Instructions for the task
Output the entries exactly. Start at the first line, finish with the line containing "Roser jardin drapé", and omit the pictures.

Brief descriptive captions
###
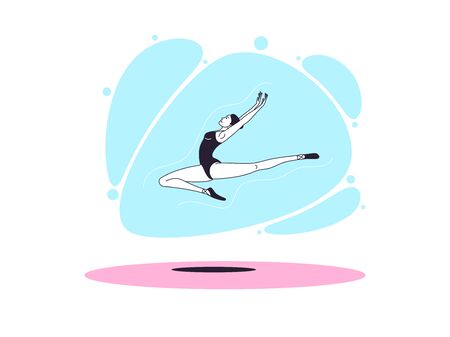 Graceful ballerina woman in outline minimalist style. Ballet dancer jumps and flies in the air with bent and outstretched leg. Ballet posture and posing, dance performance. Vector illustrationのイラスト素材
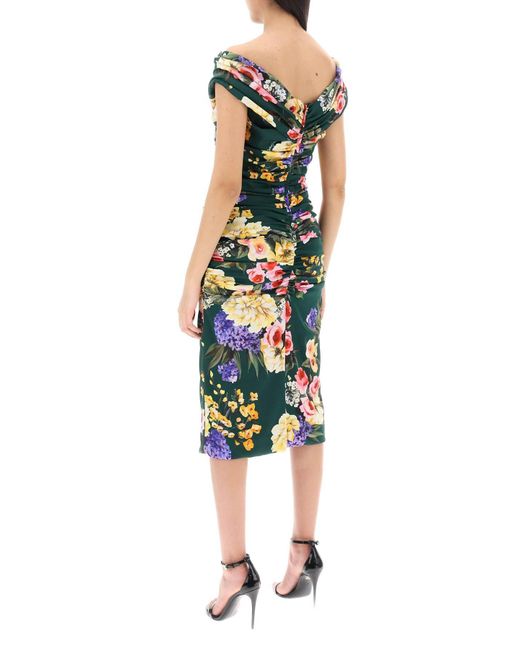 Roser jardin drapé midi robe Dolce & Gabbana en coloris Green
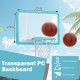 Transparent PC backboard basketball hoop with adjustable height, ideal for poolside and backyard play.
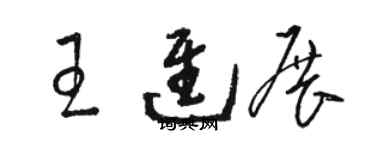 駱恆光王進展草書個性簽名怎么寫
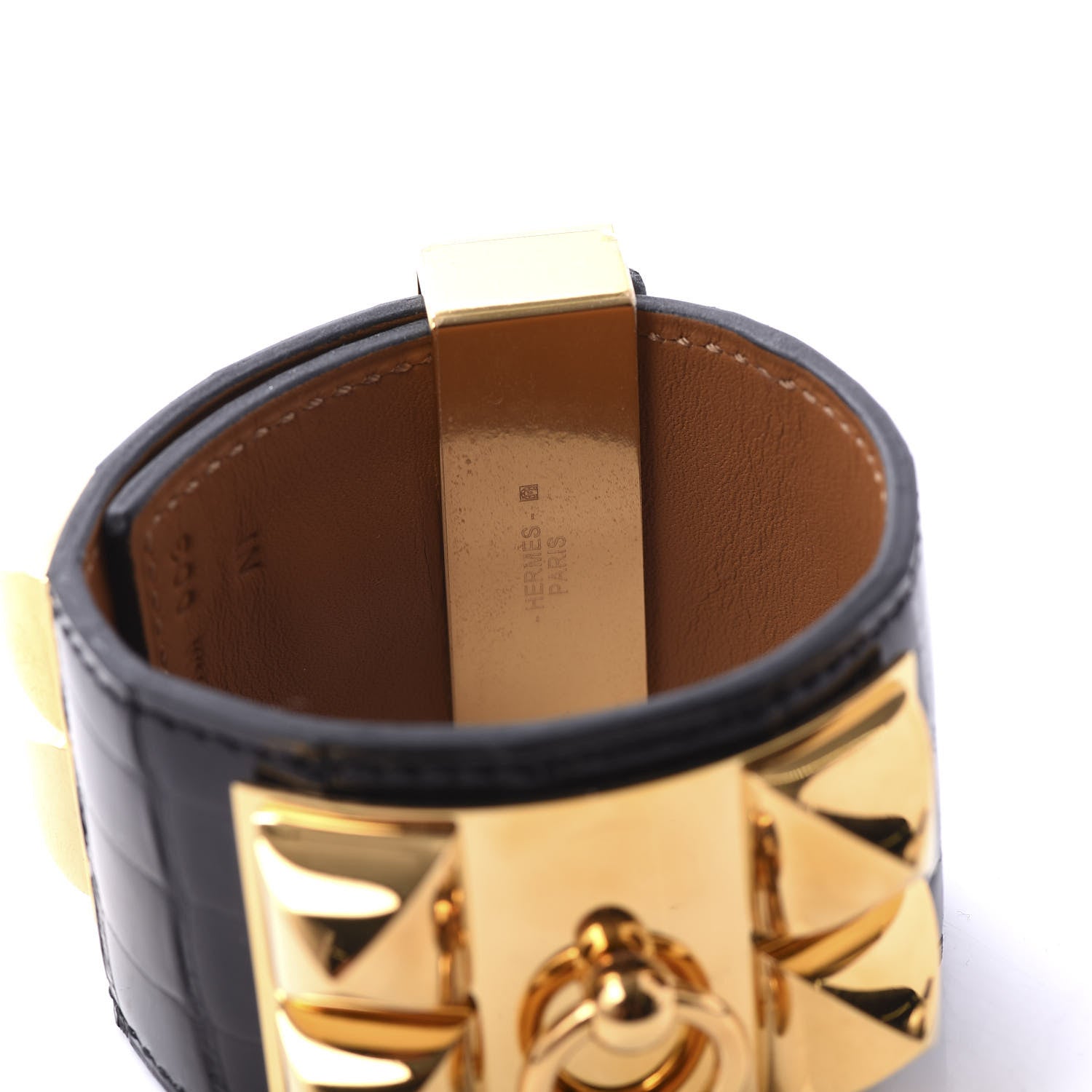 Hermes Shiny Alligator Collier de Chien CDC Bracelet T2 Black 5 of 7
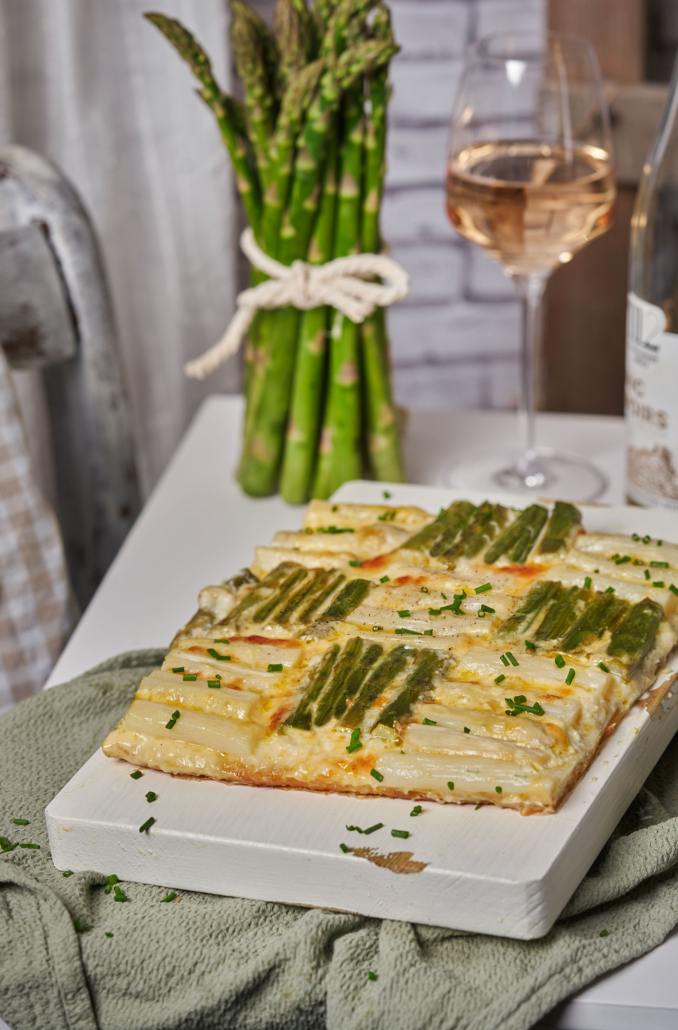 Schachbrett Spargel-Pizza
###
Result below
 Graceful ballerina woman in outline minimalist style. Ballet dancer jumps and flies in the air with bent and outstretched leg. Ballet posture and posing, dance performance. Vector illustrationのイラスト素材
 Roser jardin drapé midi robe Dolce & Gabbana en coloris Green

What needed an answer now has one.